This goes both ways...There are men that are like that but there also a lot of women out there that look over men that have the stuff together and rather be with a man that is depnedant on her that is not ambitious.I surround myself with people that are go getters so I would clearly want that in all aspects of my life.

At the end of the day a lot of that has to deal with self-esteem. One can be successful at something but not have alot of self-esteem. You have to love yourself before you love others. It's a simple rule but people do not heed it.

Brooke said...

It's true, it does go both ways. I tried to show both angles, so maybe I didn't really succeed in that. I know alot of independent women who have a hard time balancing femininity while asserting their independence. I don't equate being successful with being independent. I think they're too different things. I think an independent minded person doesn't require that you make alot of money or are VP of a company. I think being independent means you are a whole person first who can take care of him/herself, who then wants someone to complement them - not fill any voids. Self-esteem for those type of independent people goes without saying.

But I do agree that there are some women who think being independent means finding a man who is dependent on them, not one who is equally as independent as they are - which is not TRUE independence, but emotional neediness.

Rene The Harlemite said...

You did make it clear...I emphaized on it because it is frquently commented on that men have issues with this but it happens alot with females as well....All of this is a working progress...They key is putting the work into it and if you are committed in doing so.

Brooke said...

I do know alot of women who appear to be independent - live alone and pay their own bills, have great jobs, appear to have it all together - and then get with dudes that will let them take care of them. That's the "hard d*#k and bubblegum" in that story I was telling you last night. You know I'm gonna write about her next!

Dre Lew said...

Hi Brooke ~ Breath of Fresh Air having an Independent Woman! (Why did you have go there with the Cranberry/Grape*LoL!!!)
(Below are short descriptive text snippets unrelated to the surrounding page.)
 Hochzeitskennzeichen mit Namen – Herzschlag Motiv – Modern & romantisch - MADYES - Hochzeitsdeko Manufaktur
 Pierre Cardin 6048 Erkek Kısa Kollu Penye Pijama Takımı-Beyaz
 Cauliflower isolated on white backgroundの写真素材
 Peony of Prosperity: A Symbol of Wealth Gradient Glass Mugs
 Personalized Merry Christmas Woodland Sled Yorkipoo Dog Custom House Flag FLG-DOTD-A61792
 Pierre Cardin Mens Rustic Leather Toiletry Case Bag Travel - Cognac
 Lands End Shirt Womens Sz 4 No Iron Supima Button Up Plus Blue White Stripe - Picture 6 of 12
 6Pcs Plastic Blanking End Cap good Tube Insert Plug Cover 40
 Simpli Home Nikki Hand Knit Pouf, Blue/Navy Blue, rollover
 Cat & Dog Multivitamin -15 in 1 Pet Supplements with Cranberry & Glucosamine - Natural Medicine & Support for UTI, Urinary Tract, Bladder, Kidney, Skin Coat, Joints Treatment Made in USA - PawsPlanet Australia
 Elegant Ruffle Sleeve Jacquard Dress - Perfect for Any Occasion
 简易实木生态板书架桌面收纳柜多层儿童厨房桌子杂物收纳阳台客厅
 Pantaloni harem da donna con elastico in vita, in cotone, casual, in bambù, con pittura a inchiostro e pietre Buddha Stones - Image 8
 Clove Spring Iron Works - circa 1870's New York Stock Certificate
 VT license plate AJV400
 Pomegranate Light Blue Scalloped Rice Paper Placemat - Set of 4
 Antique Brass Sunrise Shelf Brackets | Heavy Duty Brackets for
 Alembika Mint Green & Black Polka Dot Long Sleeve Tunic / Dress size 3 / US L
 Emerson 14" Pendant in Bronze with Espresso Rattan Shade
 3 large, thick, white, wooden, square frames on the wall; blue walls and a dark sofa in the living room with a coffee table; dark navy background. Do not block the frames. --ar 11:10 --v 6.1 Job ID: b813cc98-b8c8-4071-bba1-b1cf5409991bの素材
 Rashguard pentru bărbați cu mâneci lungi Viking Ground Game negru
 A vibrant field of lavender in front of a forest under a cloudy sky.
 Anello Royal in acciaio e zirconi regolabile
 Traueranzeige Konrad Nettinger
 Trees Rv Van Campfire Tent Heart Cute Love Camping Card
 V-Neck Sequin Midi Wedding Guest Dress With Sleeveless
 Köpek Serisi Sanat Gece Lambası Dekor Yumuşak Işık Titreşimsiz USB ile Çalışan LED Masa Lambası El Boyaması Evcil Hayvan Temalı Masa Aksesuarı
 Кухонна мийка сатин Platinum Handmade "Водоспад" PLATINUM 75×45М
Hats off to all the women out there who are holding it down with great success, style and independence!!! Let me go on the record that I speak for me ~ not all men. Now with that said I am not and think that some good men are not either afraid or intimidated by a successful woman. I seek it for many reason ~ as the saying goes “Birds of a feather, Flock together” To me being with someone you share mutual attraction is just the start, but having things in common is also important. It’s not about who makes more or is smarter ~ it’s about pulling together the strength and weakness of each other to get a nice balance of the Ying and Yang. Equally yoked! I think I am very knowledgeable and diverse on many subjects but I am not ignorant, I still think I can learn something everyday from any origin. Now I have met some woman who gives the appearance that they know it all and don’t want your input ~ is that part of the fine line??? You don’t have to tone yourself down, just be yourself and open minded. Being comfortable in your own shoes is key, but being open to the idea that there is thousand ways to complete a task or opinion ~ sometime we all (women & men) get to a point that if it’s not done the way I do it or think…it’s wrong. I say, be glad someone is welling to help and let them get it done however they like and truly appreciate them and their efforts and opinions.

Is it refreshing to have a lady get the check ~ of course!!! But let’s understand that chivalry is alive and well, all women should be courted and treated like queens. So every now and then is cool, but as my standard goes…”I know you can get it Babe, but I got it” Independence is a great attribute, but being emotionally open with your mate is a different thing. It’s a two way street. So in addition to having and being loved, your ability to have an emotion confidant that has your back as you got theirs. Yes, you can deal with everything alone quite well, but being apart of something you start to learn to share. So right on the money…friendship, championship, everyone needs and deserves it. So right on ~ we are all a work in progress(Rene), getting better. I think we all should learn to better person ~ better to ourselves and each other.

Great comments ~ what food for thought!!!

Peace
Dre

Brooke said...

well said Dre, it's all about balance. I love being around people I can learn from. Truly intelligent people know they don't know any and everything. Too many people put emphasis on what they see - the car, the house, the clothes, the money. But all those things are trivial when dealing with the heart. Things like friendship, companionship, partnering, none of it can be bought. Finding commonality in our differences is not something that has a price tag on it. None of us stands alone. We all have or need someone to count on, to learn from, to teach, to engage with and to love. I love that you said equally yoked. Balanced. It's all about what each brings to the table to make us better together.

The Fury said...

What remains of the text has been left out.